It’s been nearly 26 years since Spike Lee shot his first feature for $175,000 and joined contemporaries Jim Jarmusch and Steven Soderbergh to usher in a new wave of American independent cinema, but the film’s playful, fresh energy and its cultural relevance have not diminished even a tad. Released when Brooklyn still played second fiddle to Manhattan in the eyes of most of the world outside New York, Lee’s film was one of the first cultural entertainment objects that portrayed Brooklyn as a colorful (even if the film is largely black and white), imaginative, and cool habitat—one which possessed a low-key, but vital sense of artistic community that rivaled its more well-advertised neighbor up north. There was more to Brooklyn than crime, car chases, and Coney Island.

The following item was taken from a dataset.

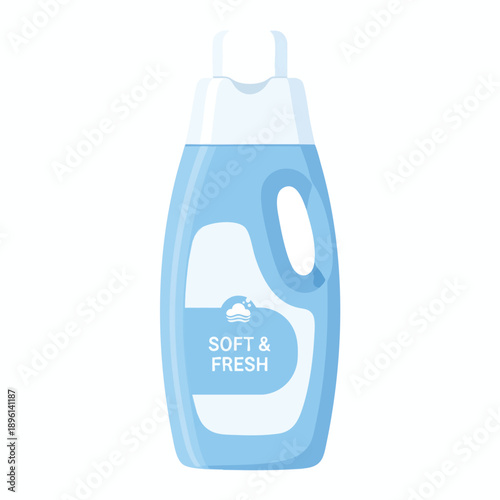 Bottle of Fabric Softener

It’s fascinating that its release coincided with the infancy of BAM’s Next Wave Festival (launched in 1983) and these were two of the horns that trumpeted to the world that Brooklyn had arrived. Indeed, “Their Muse is Malcolm X,” the seminal New York Times article on Fort Greene’s emergence as a center of black creativity, posits that the rush of media attention on the neighborhood that resulted from Lee’s film fostered a population surge of artists and creative thinkers that was a harbinger of the Brooklyn we know today.
Lee’s love letter to Fort Greene, where his film production company 40 Acres and a Mule still sits only a stone’s throw from BAM, features a handful of well-known Brooklyn locations as well as many Fort Greene shots that capture the flavor of the neighborhood.